Si può capire così, nel nostro Salmo, il riferimento alle “opere forti”, come dice l’originale ebraico, cioè ai “prodigi” potenti (cfr v. 2), che Dio dissemina nella storia della salvezza. La lode diviene professione di fede in Dio Creatore e Redentore, celebrazione festosa dell’amore divino, che si dispiega creando e salvando, donando la vita e la liberazione.
5. Giungiamo, così, all’ultimo verso del Salmo 150 (cfr v. 5c). Il vocabolo ebraico usato per indicare i “viventi” che lodano Dio rimanda al respiro, come si diceva, ma anche a qualcosa di intimo e profondo, insito nell’uomo.

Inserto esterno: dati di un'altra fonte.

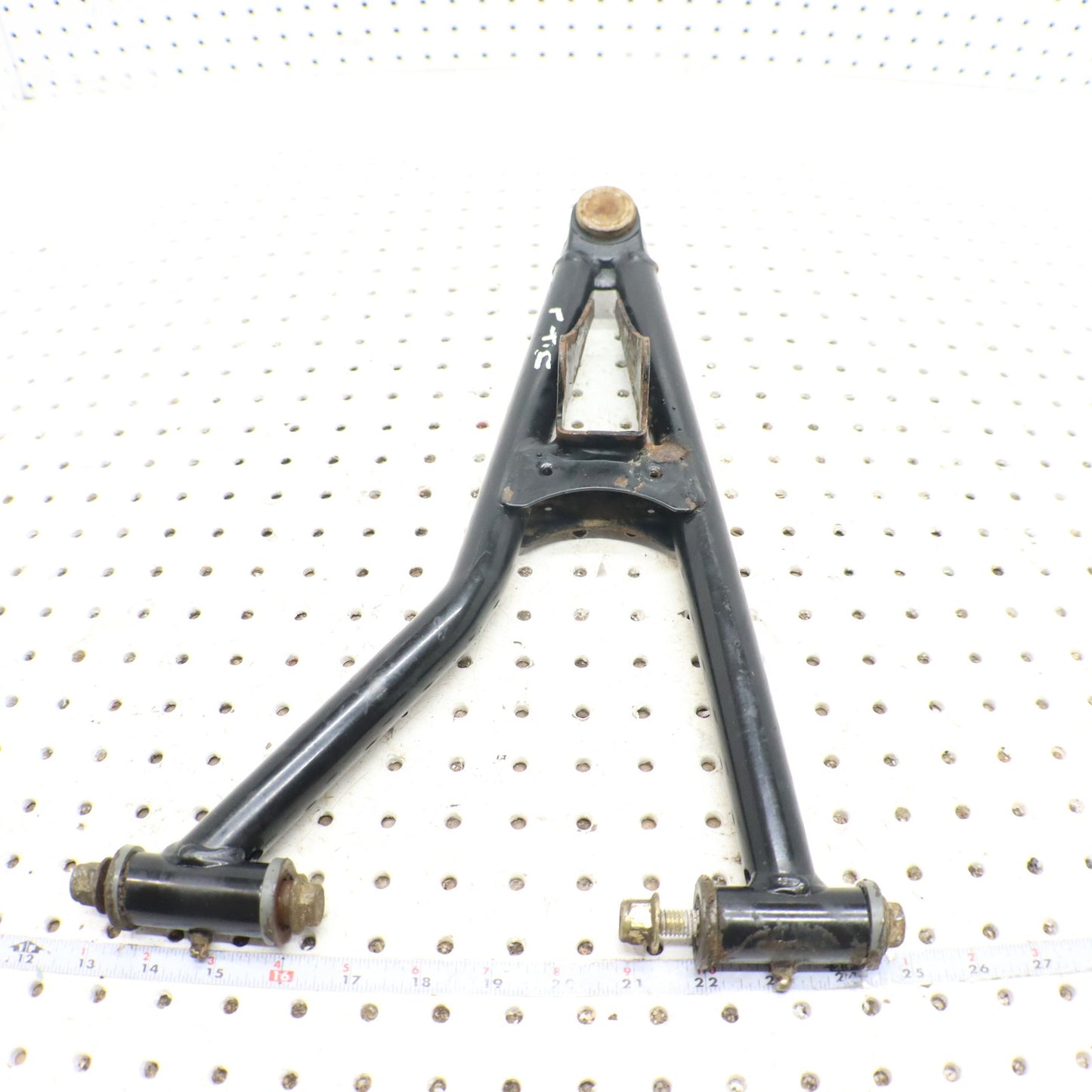 2009 Polaris Sportsman Xp 850 Front Upper Left Control Arm 1017260-067 1025617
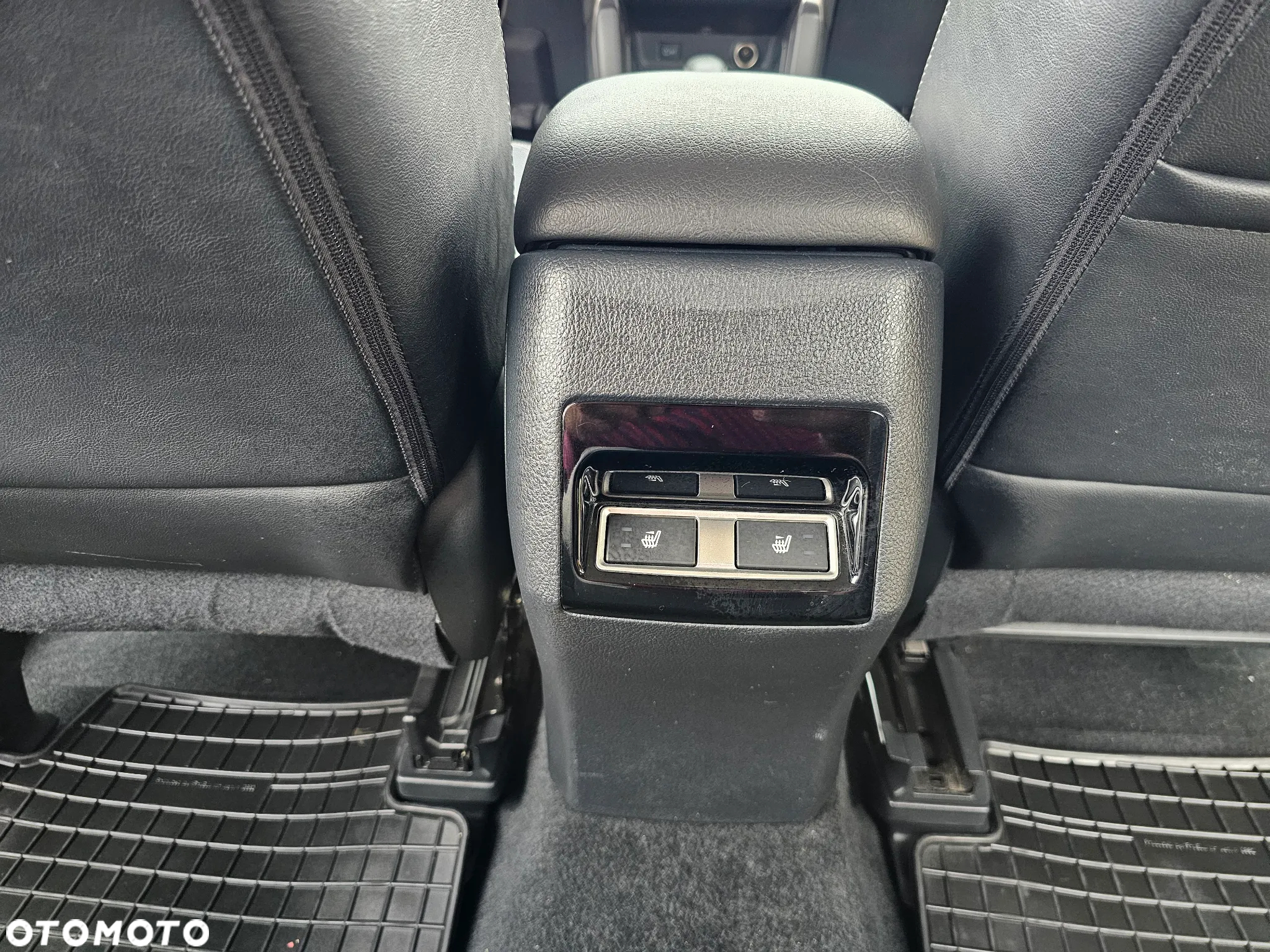 Subaru Forester 2.0 i Exclusive Lineartronic - 20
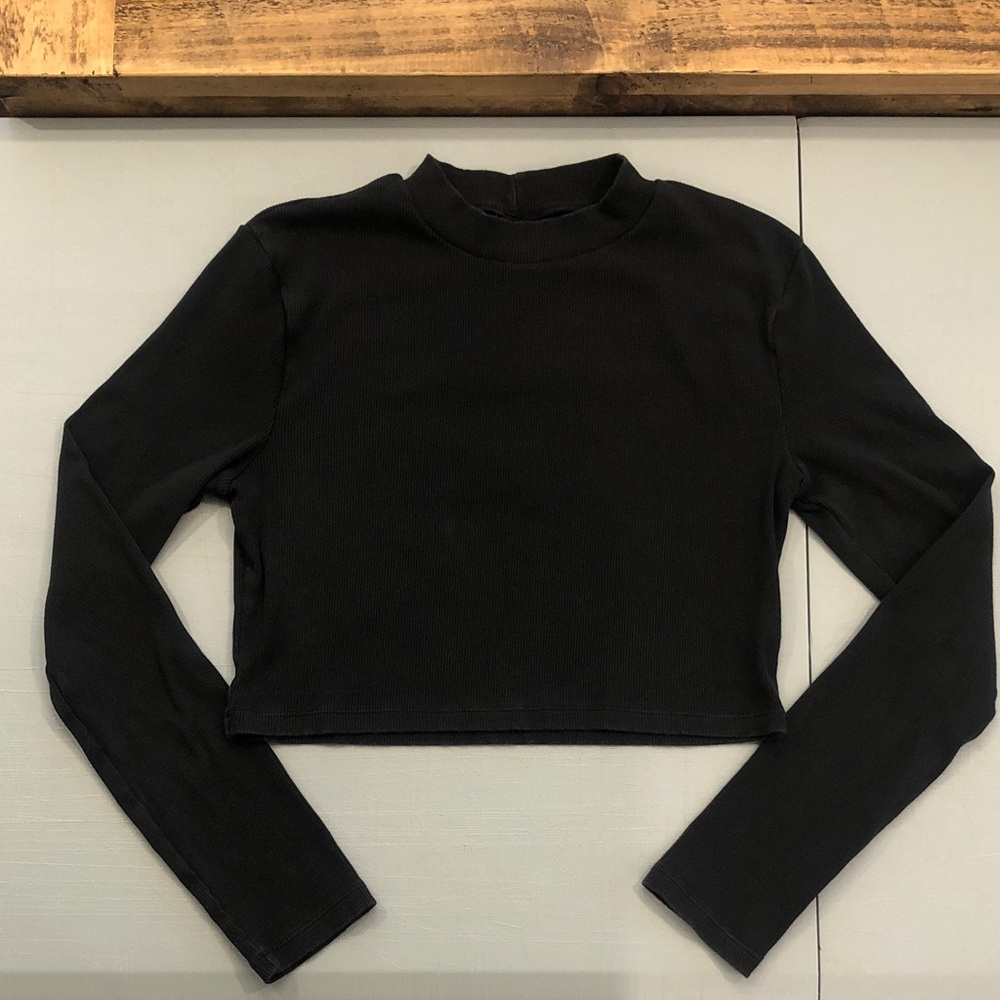 American Apparel 95% Cotton Black Cropped Baby Rib Long-Sleeve Mock Neck Top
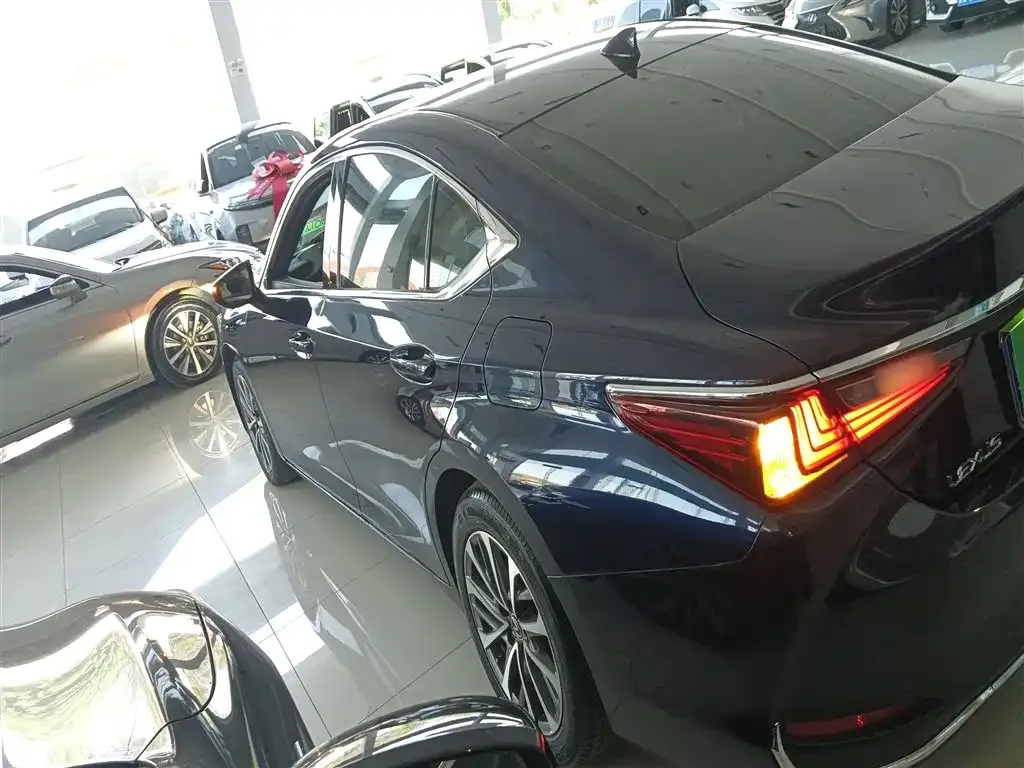 Lexus ES 2022 из CN, фото 3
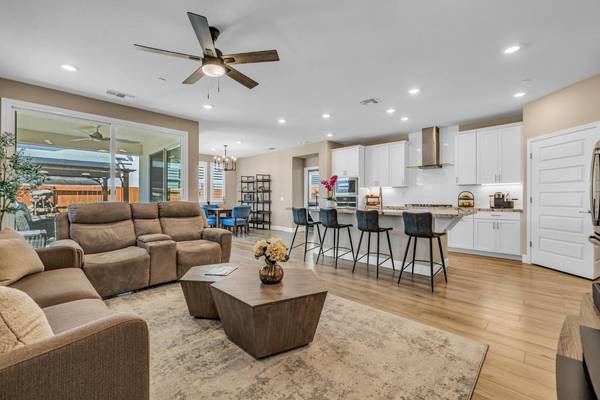 4622 Highland Lake DR, Roseville, CA 95747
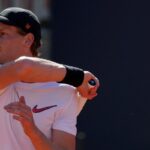 Jannik Sinner durante l'allenamento a Roma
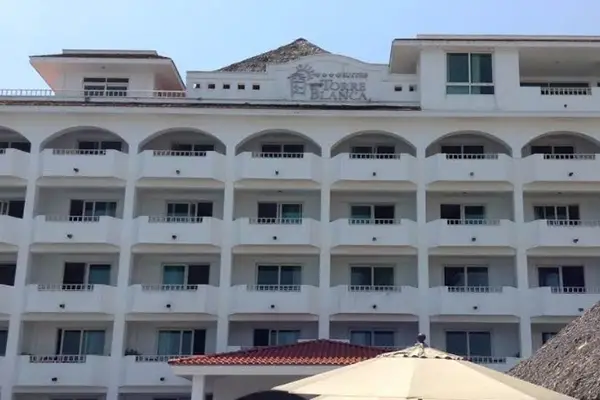 hotel-torreblanca-suites-hoteles-en-rincon-de-guayabitos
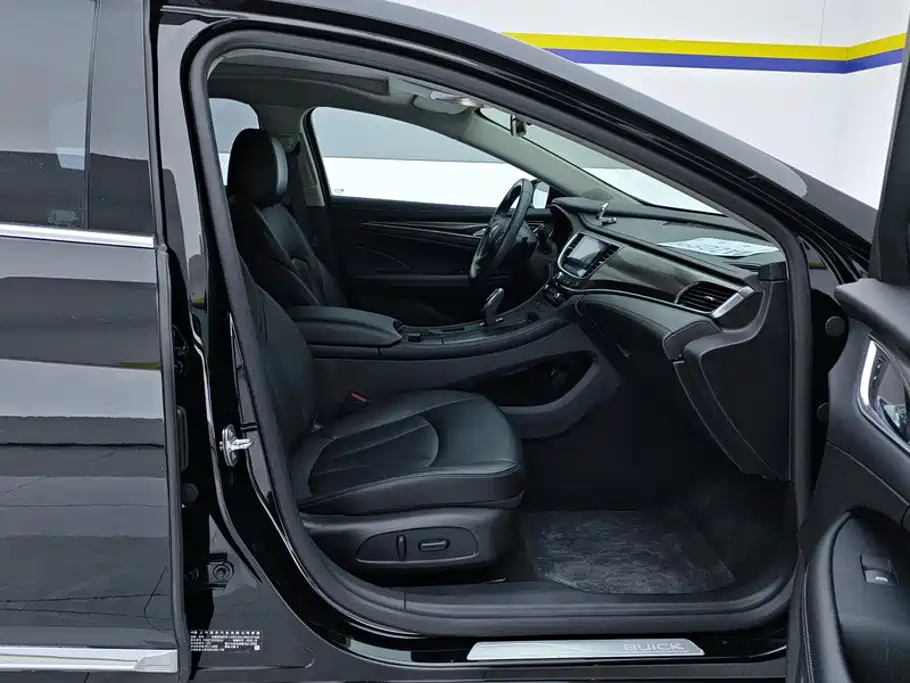 LaCrosse 2022 652T luxury model купить на сайте DeffCars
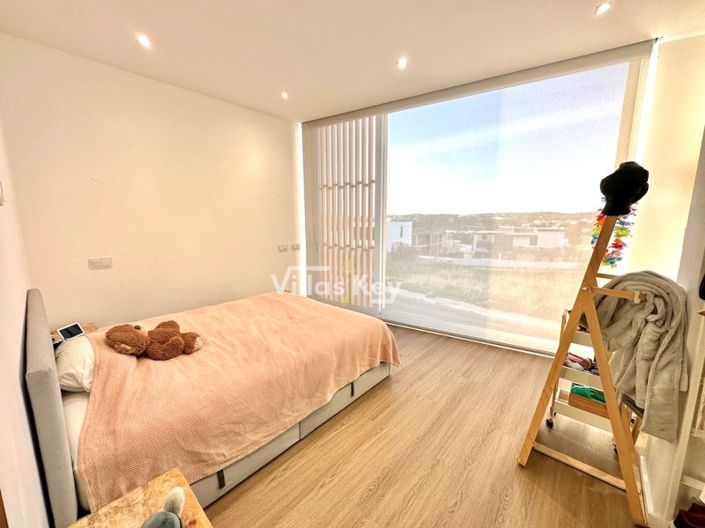 Image No.9-5 Bed House for sale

Se si può pensare che tutta la vita del creato sia un inno di lode al Creatore, è però più preciso ritenere che una posizione di primato in questo coro venga riservata alla creatura umana. Attraverso l’essere umano, portavoce dell’intera creazione, tutti i viventi lodano il Signore. Il nostro respiro di vita, che dice anche autocoscienza, consapevolezza e libertà (cfr Pr 20, 27), diventa canto e preghiera di tutta la vita che pulsa nell’universo.
Perciò noi tutti intratteniamoci a vicenda “con salmi, inni, cantici spirituali, cantando e inneggiando al Signore” con tutto il nostro cuore (Ef 5, 19).
6. Trascrivendo i versi del Salmo 150, i manoscritti ebraici riproducono spesso la Menorah, il famoso candelabro a sette braccia, posto nel Santo dei Santi del tempio di Gerusalemme. Suggeriscono così una bella interpretazione di questo Salmo, vero e proprio Amen nella preghiera di sempre dei nostri “fratelli maggiori”: tutto l’uomo, con tutti gli strumenti e le forme musicali che il suo stesso genio ha inventato – “tromba, arpa, cetra, timpani, danze, corde, flauti, cembali sonori, cembali squillanti”, come dice il Salmo – ma anche “ogni vivente”, è invitato ad ardere come la Menorah di fronte al Santo dei Santi, in costante preghiera di lode e di ringraziamento.
Uniti col Figlio, voce perfetta di tutto il mondo da Lui creato, diventiamo anche noi preghiera incessante davanti al trono di Dio.